## [Work required]
The lines to copy run from the one containing "1 Poster Canvas-Wooden" to the end of the listing. Please write them out exactly, minus the pictures.

Exercise data: Begin

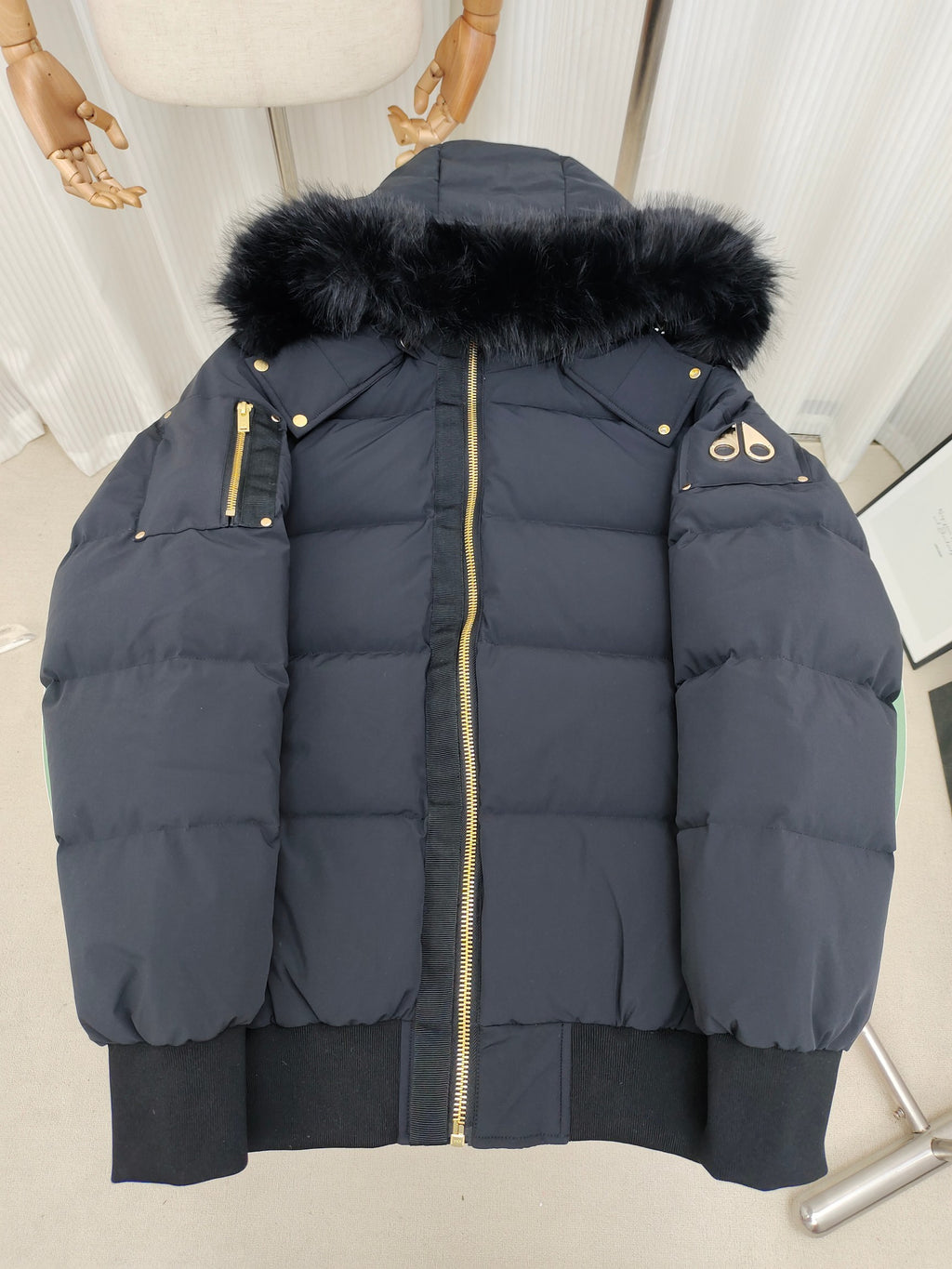 Moose Knuckles Fur-Trim Bomber Down Jacket – Navy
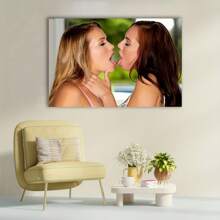 1 Poster Canvas-Wooden Frame Female Couple Canvas Painting High Quality Wall Art Printed Poster, Direct Hanging Wall Painting, Home Gift Decoration, Living Room, Bathroom, Bedroom, Kitchen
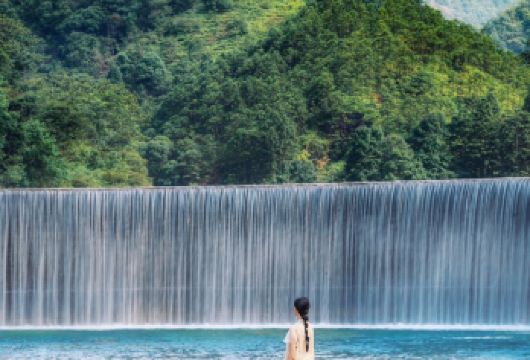 武夷山青龙大瀑布+国家公园1号线+月亮湾+三才峰包车半日游【车辆正规营运车辆，手续齐全，干净卫生，更宽，更舒服；】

Exercise data: End

## [Solved exercise]
 1 Poster Canvas-Wooden Frame Female Couple Canvas Painting High Quality Wall Art Printed Poster, Direct Hanging Wall Painting, Home Gift Decoration, Living Room, Bathroom, Bedroom, Kitchen
 武夷山青龙大瀑布+国家公园1号线+月亮湾+三才峰包车半日游【车辆正规营运车辆，手续齐全，干净卫生，更宽，更舒服；】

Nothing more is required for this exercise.